This document provides industry guidance and best practices for
integrating PQC algorithms into constrained devices. It explores key
storage strategies, ephemeral key management, and performance
optimizations specific to resource-limited environments. One
approach to mitigating storage constraints is seed-based key
generation, where only a small seed is stored instead of the full
private key, as supported by PQC schemes like ML-DSA and SLH-DSA.
However, this technique increases computational overhead due to the
need to derive full private keys on demand, a classic computation-
versus-storage tradeoff. The document also discusses considerations
for ephemeral key generation in protocols like TLS and IPsec, along
with techniques to optimize PQC signature operations to enhance
performance within constrained crytographic modules.

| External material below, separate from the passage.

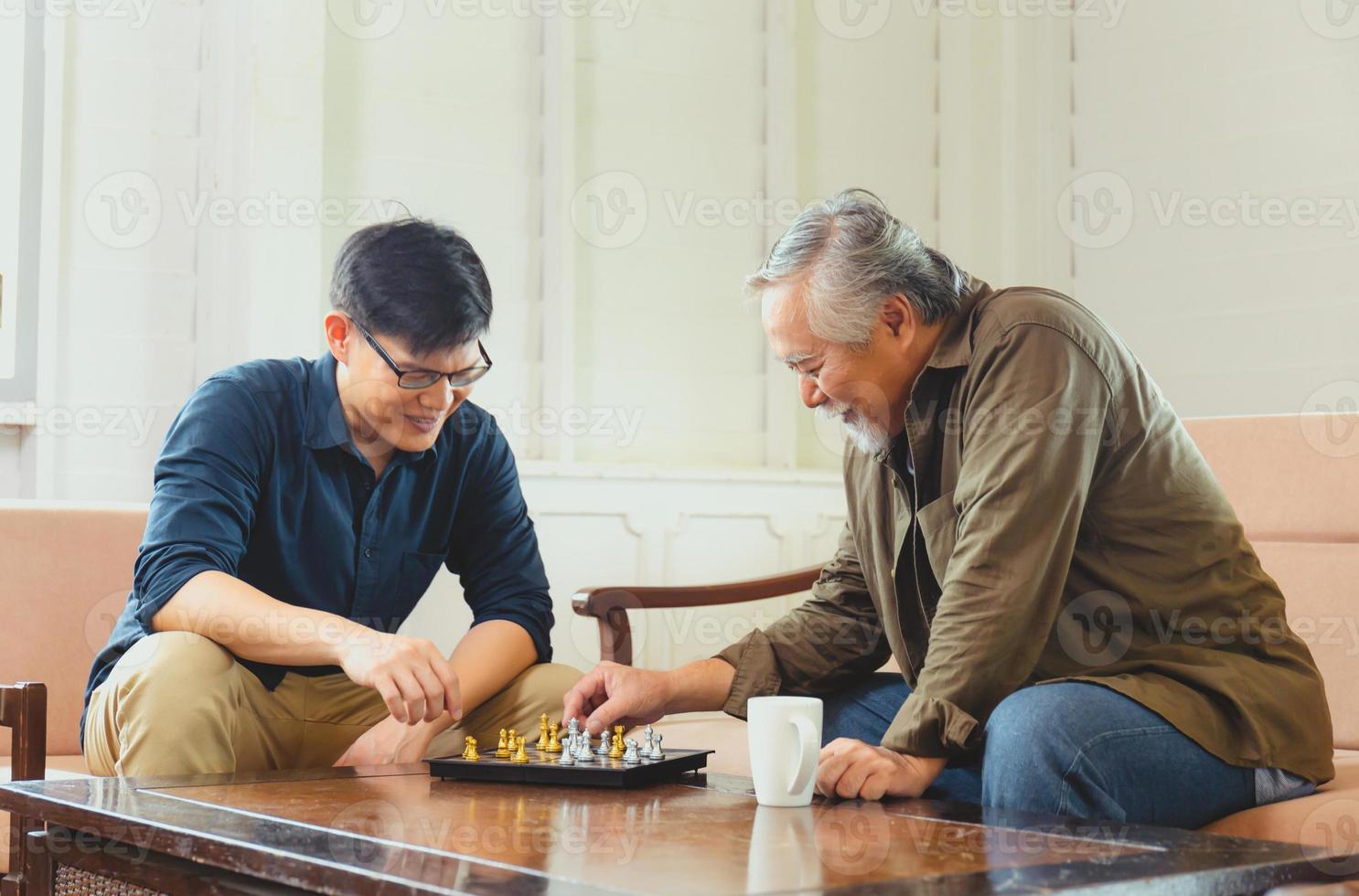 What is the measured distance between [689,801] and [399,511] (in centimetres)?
90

This document focuses on the use of PQC algorithms in constrained
devices, specifically the three algorithms finalized by NIST: ML-DSA,
ML-KEM, and SLH-DSA. While other PQC algorithms, such as stateful
hash-based signatures, also provide post-quantum security, they are
not covered in this version of the document. Future revisions may
expand the scope to include additional PQC algorithms.
2. Key Management in Constrained Devices for PQC
The embedded cryptographic components used in constrained devices are
designed to securely manage cryptographic keys, often under strict
limitations in memory, storage capacity, and computational resources.
These limitations are further exhausted by the increased key sizes
and computational demands of PQC algorithms.
One mitigation of storage limitations is to store only the seed
rather than the full expanded private key, as the seed is far smaller
and can derive the expanded private key as necessary.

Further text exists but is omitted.